DO LABRADOODLES GET COLD AT NIGHT

Do Labradoodles Get Cold at Night?

Many people know that Labradoodles are like being outdoor, but they will often ask when it is time to bring their dog inside? As the weather starts getting colder, people start worrying about their Labradoodles staying outside during the night.

So, do Labradoodles get cold at night? Even though Labradoodles have a thick coat that can handle most cold weather, Labradoodles will get cold during nights, especially during the chilly winters in the most northern climates.

Let’s take a look at some of the different things you will have to consider before you leave your Doodle outside overnight in the winter.

Labradoodle History in the Cold

Labradoodles are, as we all know by now, a hybrid dog with Poodle and Labrador genes. The Labrador Retriever originates from Newfoundland, Canada where the water and weather can be quite cold.

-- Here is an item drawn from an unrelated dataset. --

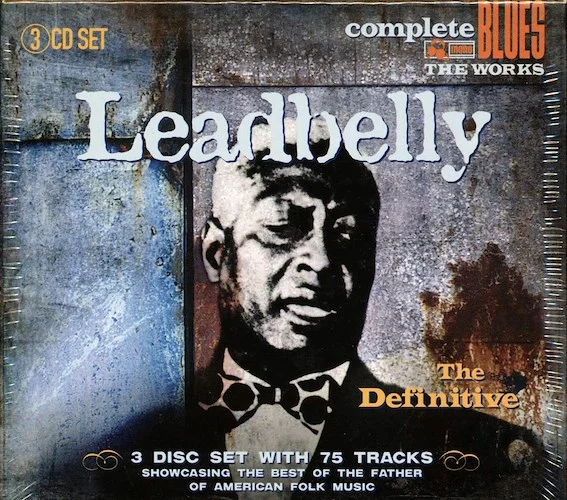 Leadbelly - The Definitive Leadbelly (75 tracks) (3xCD) (box set)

Labradors’ were bred to be able to swim in the freezing waters of Newfoundland where water temperatures can vary from 32°F (0°C) in the winter to 56°F (13°C) during the summer. The coastal climate on land stays rather moderate where the temperatures usually hover around 32°F (0°C).

Before the breed became known as the Labrador, it was called the St. Johns’ or lesser Newfoundland dog, and these dogs weren’t initially used to flush and retrieve birds.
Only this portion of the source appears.